Une représentation de la structure en double hélice de l'ADN. Ses quatre unités de codage (A, T, C, G) sont codés par couleur en rose, Orange, violet et jaune. Crédit :NHGRI
La modification chimique des sous-unités d'ADN contribue à la régulation de l'expression des gènes. Des chercheurs de la Ludwig-Maximilians-Universitaet (LMU) à Munich ont maintenant déchiffré une nouvelle voie capable de réactiver des gènes ainsi réduits au silence, tout en évitant le risque d'endommager l'ADN.

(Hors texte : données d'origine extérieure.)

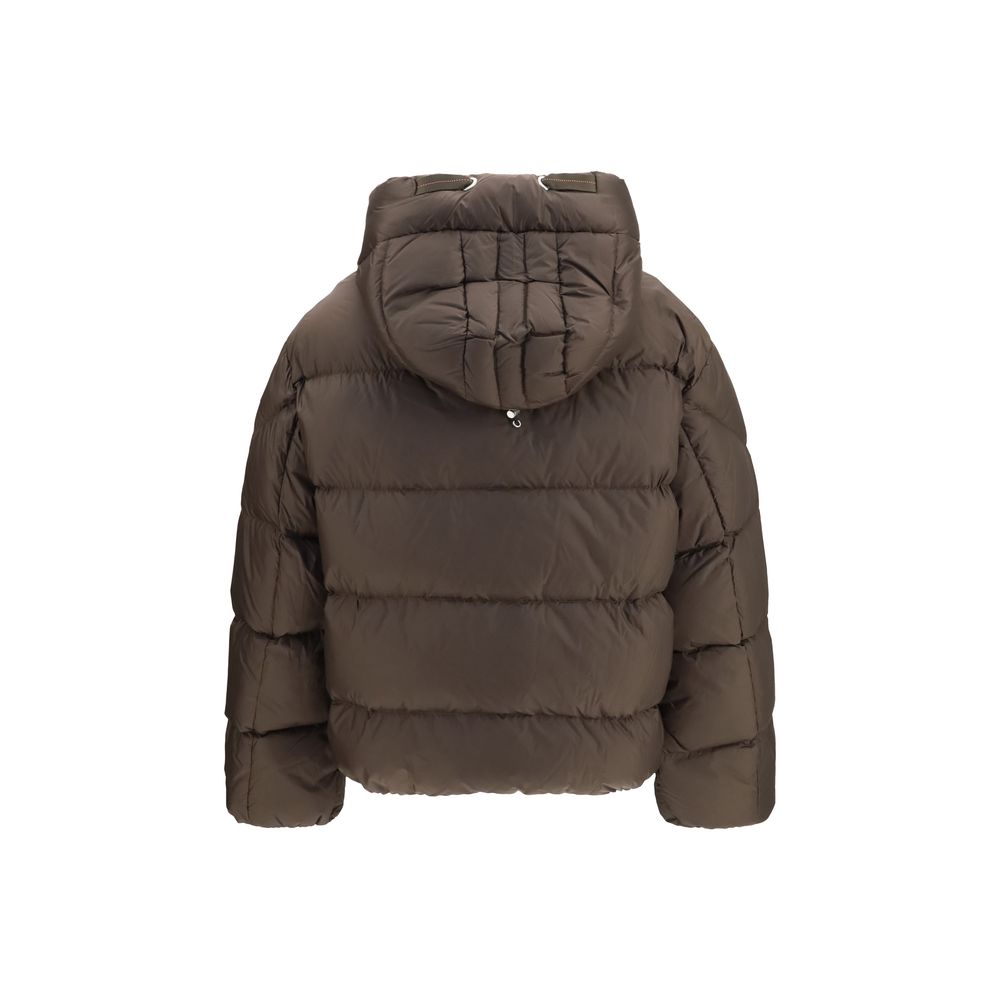Parajumpers Tilly Brown Down Jacket - Luxurious Warmth Redefined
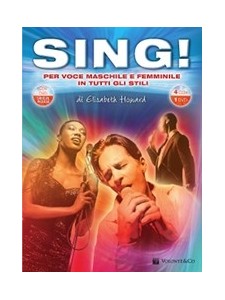 Sing! The Vocal Power Method (book/DVD/4 CD)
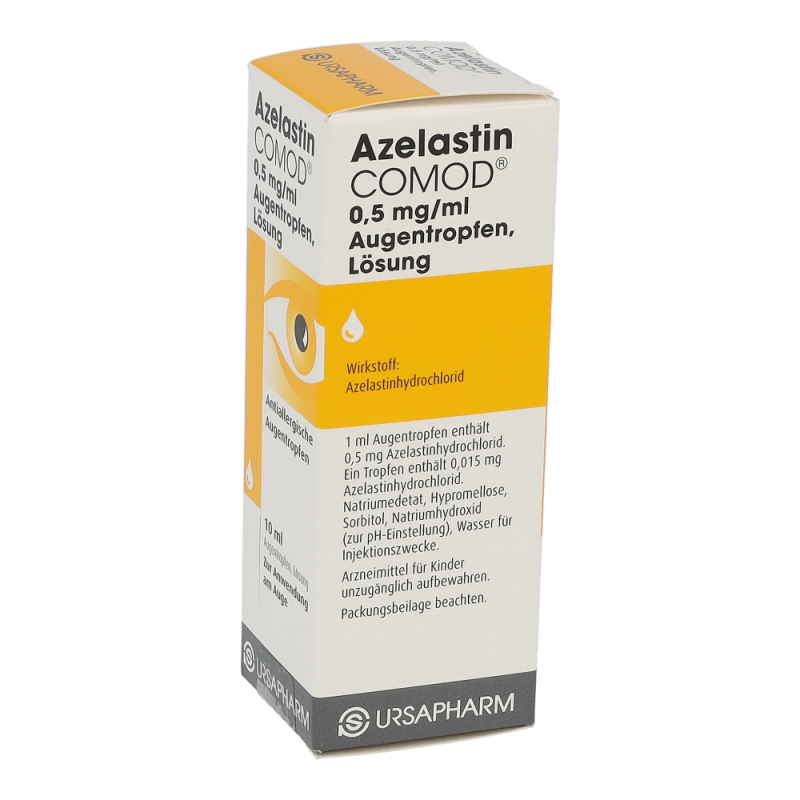 Azelastin – Comod 0,5 mg/ml Augentropfen 10 ml
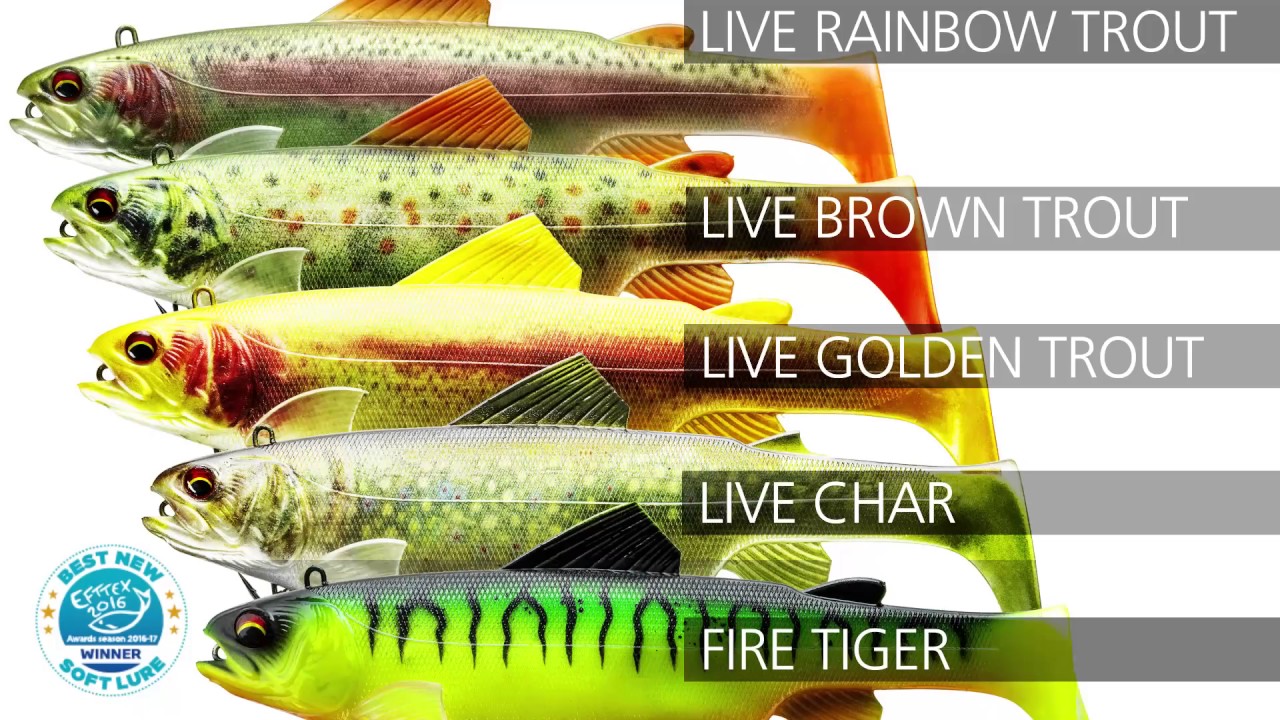 PROREX Live Trout Swimbait 180DF live brown trout - Rybárske potreby TORNADO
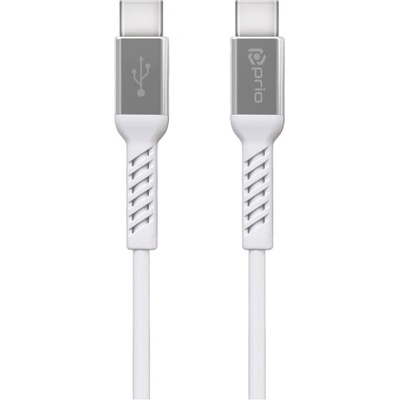 Кабел PRIO 100W USB C - USB C 1.2m (1409)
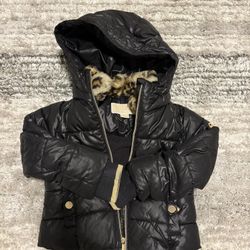 Girls  Michael Kors Puffer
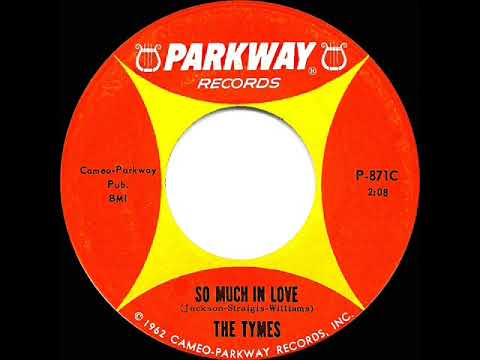1963 HITS ARCHIVE: So Much In Love - Tymes (a #1 record)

Dans les organismes multicellulaires, chaque cellule contient le complément complet de l'information génétique caractéristique de l'espèce particulière. Cependant, dans une cellule donnée, seul un sous-ensemble de cette bibliothèque de gènes complète est réellement exprimé - et c'est cette sélectivité qui donne naissance à divers types de cellules avec des fonctions spécifiques. Au niveau de l'ADN lui-même, de simples modifications chimiques de ses sous-unités peuvent déterminer quels gènes sont actifs et lesquels sont désactivés. Mais la régulation des gènes doit aussi être flexible, qui exige que l'activation et l'inactivation des gènes soient réversibles. Ceci implique donc qu'il doit également être possible de supprimer de telles modifications de l'ADN. Les chercheurs du LMU dirigés par le professeur Thomas Carell ont maintenant décrit un nouveau mécanisme de réactivation de gènes silencieux qui, contrairement à d'autres voies connues, ne conduit pas à la génération d'intermédiaires potentiellement délétères. Les nouvelles découvertes paraissent dans la revue Nature Chimie Biologie .

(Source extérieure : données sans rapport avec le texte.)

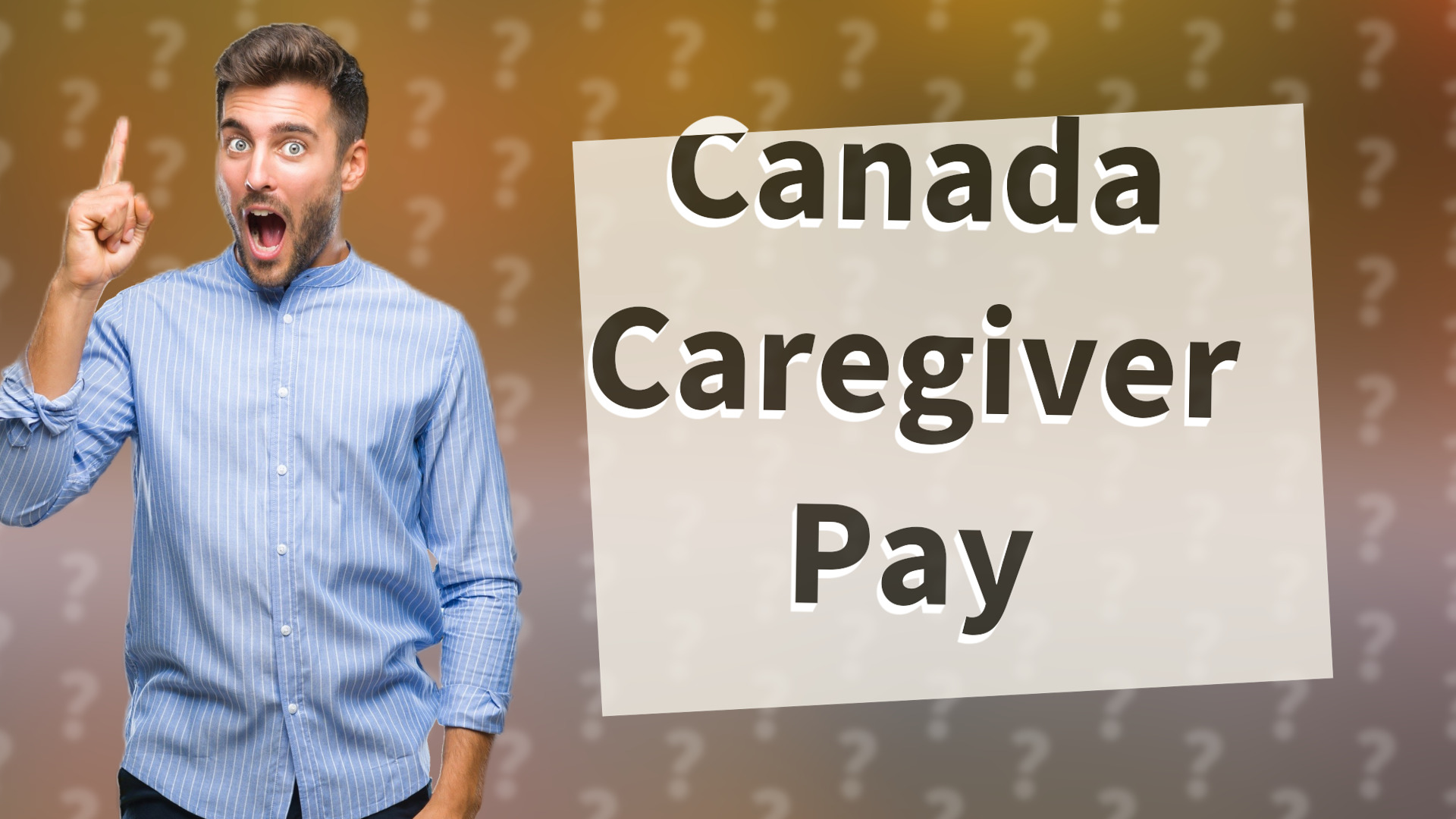 Canada Caregiver Pay
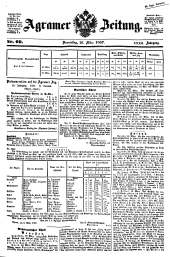 Agramer Zeitung
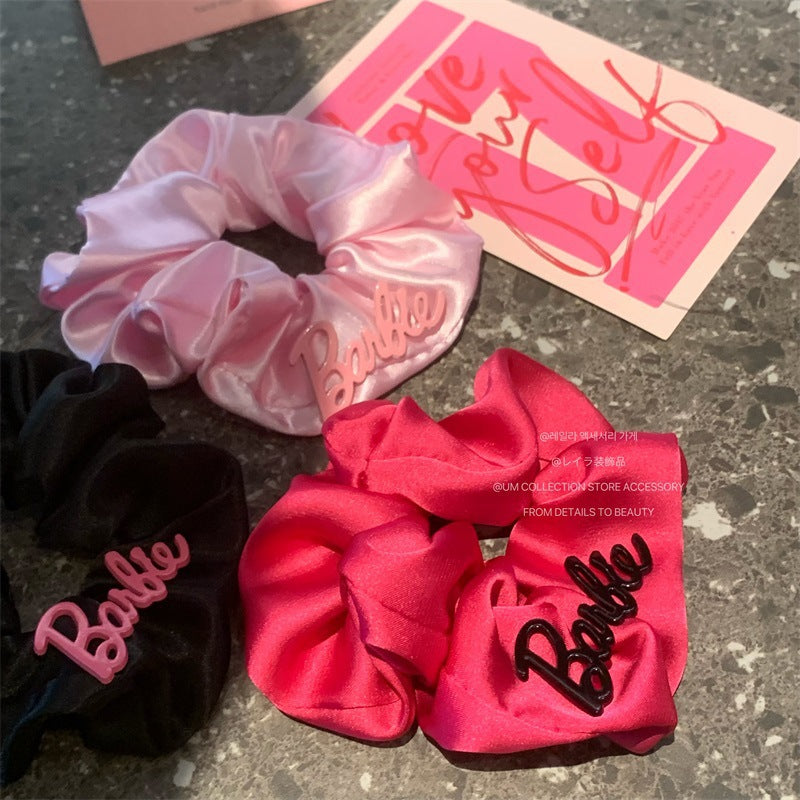 Barbie hárteygja satin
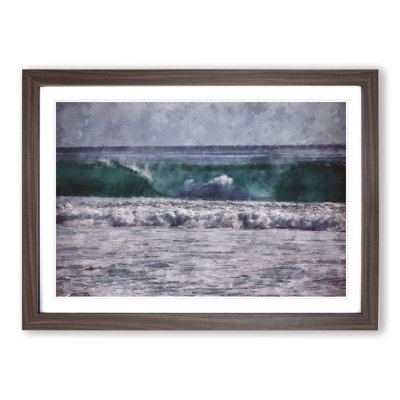 Ocean Wave - Framed Print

La méthylation de l'un des quatre éléments de base présents dans l'ADN - la base nucléotidique connue sous le nom de cytidine - joue un rôle important dans la régulation de l'activité des gènes. La fixation d'un groupe méthyle (CH3) à la cytidine non méthylée la convertit en 5-méthylcytidine, qui est connu pour bloquer l'activité des gènes. "Cela soulève la question de savoir comment la cellule peut inverser cette modification inactivante pour restaurer le gène à son état antérieur, " dit Carell. Afin de réactiver le gène méthylé, le groupe méthyle doit être éliminé. Jusqu'à maintenant, il a été supposé que la cytidine méthylée doit être excisée de l'ADN et remplacée par la forme non méthylée de la base. Ceci cependant, est un processus risqué, car cela nécessite de couper un ou même les deux brins d'ADN - et à moins d'être réparé rapidement, Les cassures d'ADN peuvent avoir de graves conséquences pour la cellule.

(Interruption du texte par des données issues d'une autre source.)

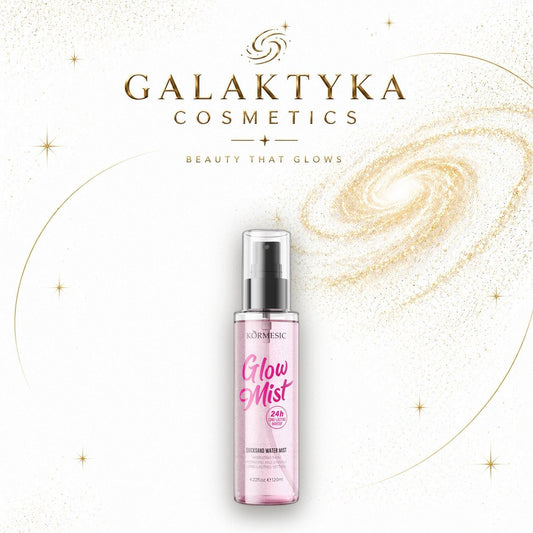 SPRAY UTRWALAJĄCY MAKIJAŻ KORMESIC GLOW MIST 120ML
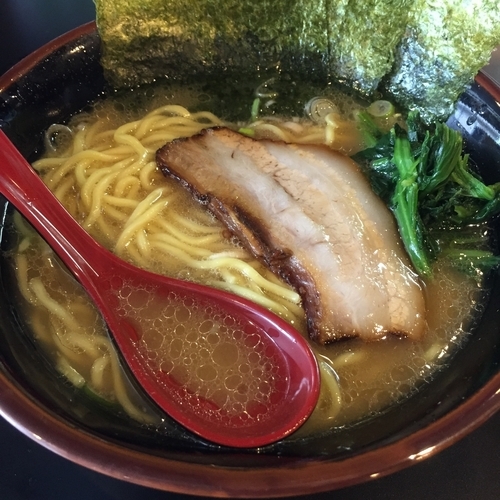 「らーめん（￥750）」@麺屋 だるま 六郷店の写真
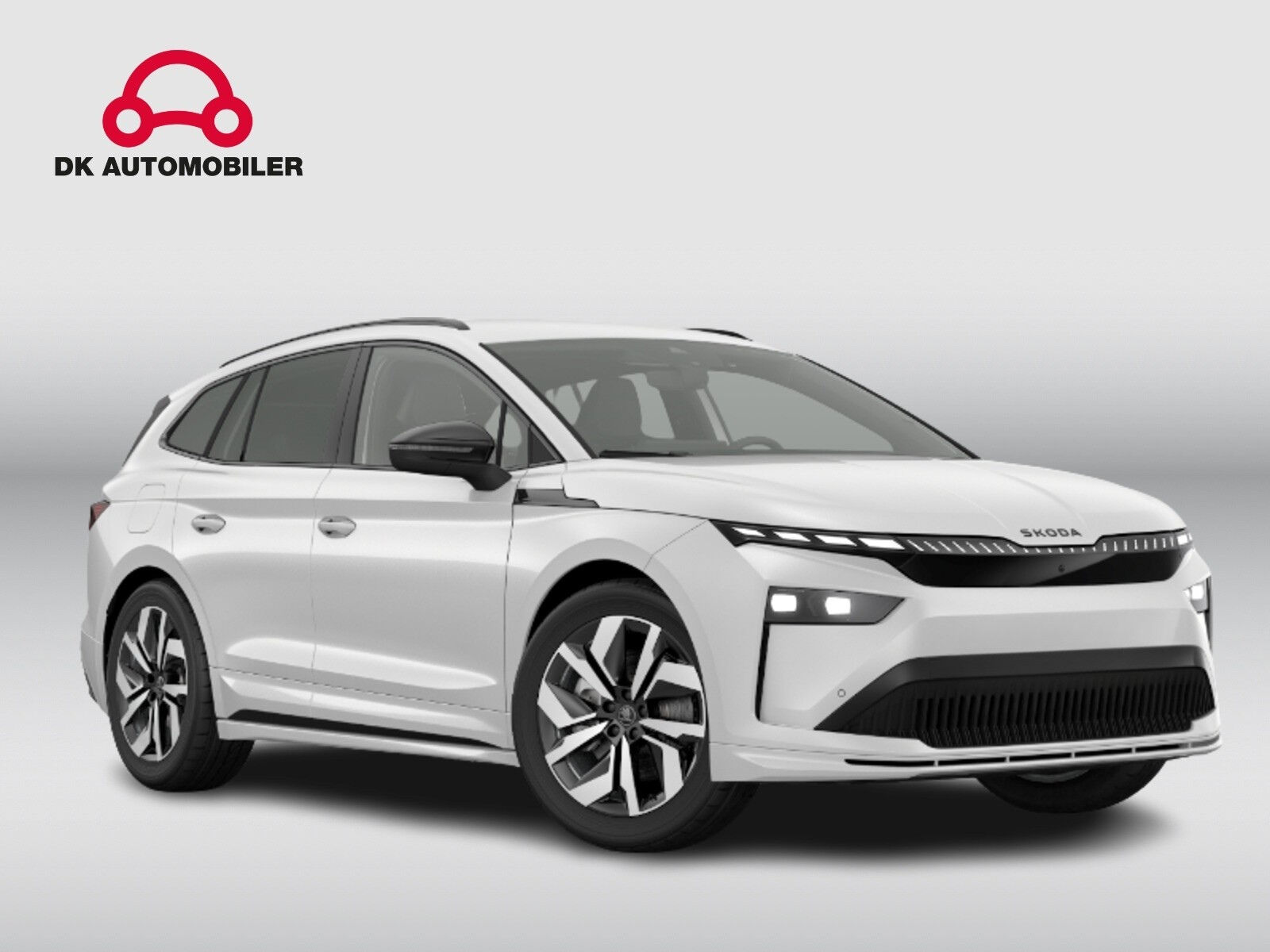 Billede af Skoda Enyaq 85x iV Sportline 4x4 286HK 5d Aut.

"Nous avons maintenant montré dans des cellules souches embryonnaires de souris qu'il existe un autre mode de déméthylation qui évite toute rupture dans la continuité du brin d'ADN, " dit Carell. Dans cette voie, le groupe méthyle attaché est oxydé par voie enzymatique pour donner naissance à la 5-formylcytidine, que l'équipe de Carell a détectée pour la première fois dans des cellules souches de souris en 2011. Ils ont maintenant utilisé des isotopes stables pour marquer la 5-formylcytidine dans les cellules souches et ont montré qu'elle est rapidement convertie en cytidine non méthylée. "Ce mécanisme permet ainsi aux cellules de réguler l'activité des gènes au niveau de l'ADN sans courir le risque que l'ADN soit endommagé au cours du processus, " explique Carell. Les auteurs de la nouvelle étude pensent que cette voie pourrait également présenter un intérêt médical, car il peut fournir un moyen de reprogrammer les cellules souches de manière ciblée. Une telle méthode ouvrirait à son tour de nouvelles perspectives en médecine régénérative.